A veil of silence surrounds LGBT life here. According to Census data 125 same-sex couples live in this county, a quarter of whom are raising kids; statistics aren’t available for the total LGBT population. LGBT people go to school here, work here, raise families, age and die here – all as second-class citizens.

This veil will be lifted on Thursday morning when two local gay couples request marriage licenses at the Lee County Circuit Clerk’s office, surrounded by friends, family and clergy. Tupelo is the fifth Mississippi town where we’ve taken such action in the past week through the WE DO Campaign

To walk down the street holding your partners hand in Tupelo – or all but a small handful of Southern towns – is an act of courage. To approach a marriage license counter that you’ve been told your whole life you do not belong at is similarly brave.
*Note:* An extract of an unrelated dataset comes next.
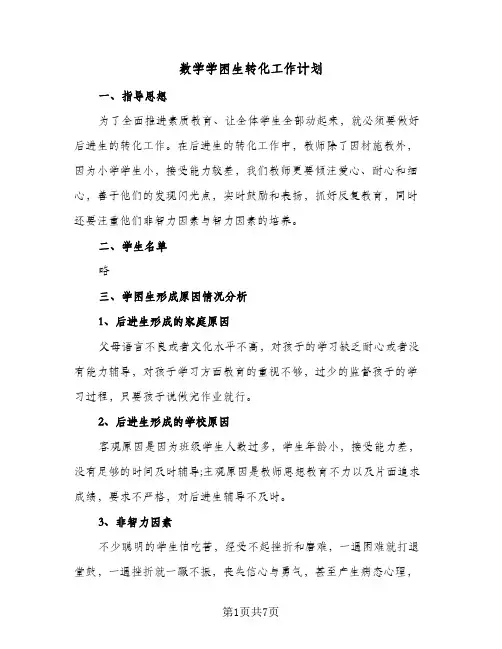 数学学困生转化工作计划(三篇)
That such simple acts could be so charged speaks to the social and political climate we live in, all against the backdrop of national progress around LGBT rights that is, at times, breathtaking.

People ask why we do this work in small Southern towns, knowing that laws will not immediately change. Why apply for marriage licenses knowing you will be denied? 

Strategically, we are targeting discriminatory state laws in the moment of their enforcement, when they go from being invisible to visible and in which their full harms are on display. In this way, we are drawing on a long lineage of civil rights organizing, in our country and globally, that puts pressure on persecuting systems by provoking them to behave the way they are designed to.

But the human answer is more urgent. We know exactly what is at stake if we fail to act here in the South. 

It is not easy to be LGBT in the South, and it’s harder if you are also a racial minority, or transgender, or living in poverty. It is also hard if you are young and growing up in the shadow of the AFA, one of the last bulwarks of the national anti-gay movement. The AFA is explicit in their position on homosexuality: “Though there may be many influences in a person's life, the root of homosexuality is a sinful heart. Therefore, homosexuals have only one hope of being reconciled to God and rejecting their sinful behavior - faith in Jesus Christ alone.” Fueled by a $16 million dollar annual budget and a national network of Christian radio stations, this message travels far and wide into the homes of America.

As we travel, I meet many people who carry deep wounds from such spiritual violence; nowhere has that been more true than in Mississippi.

Yet as a minister, I believe that the most potent salve for those wounds is faith itself – faith in a loving God who equips us with the strength we need to live by the teachings of Christ which instruct us to seek justice, love our neighbors and to find a way to love your enemies as well. There may be no harder spiritual work in our lifetime than this final task, and yet we are called to do just this.

But what of the kid growing up in Tupelo right now who hears these words from the AFA and fears they are true?

Last week, the AFA urged its national membership to take action supporting a federal Constitutional Amendment banning marriage between same-sex couples. On Wednesday, one of the largest Baptist churches in Tupelo announced they will no longer sponsor a local Boy Scout troop because of the new policy allowing openly gay scouts to participate.

We have to find a way to reach LGBT kids in towns like Tupelo with different stories. When we act publicly to express the fundamental truths of our lives in the towns we call home, we create a way to both show and tell youth that there are people who believe in their inherent equality and dignity, who have their backs and who will not stop fighting for their rights.

Research would suggest that there are gay kids in Tupelo right now who are contemplating suicide. Just as it suggests that most of us, by which I mean LGBT adults, went through this as kids. We know how harrowing those years can be and, in our hearts, we each know the combination of experiences and relationships that helped us survive.

That we got through means we are the ones who must stand up against the dangerously entangled systems of discriminatory laws and violent theologies that condemn us. And so we will walk through the streets of Tupelo Thursday morning, telling a new story about LGBT life in the South.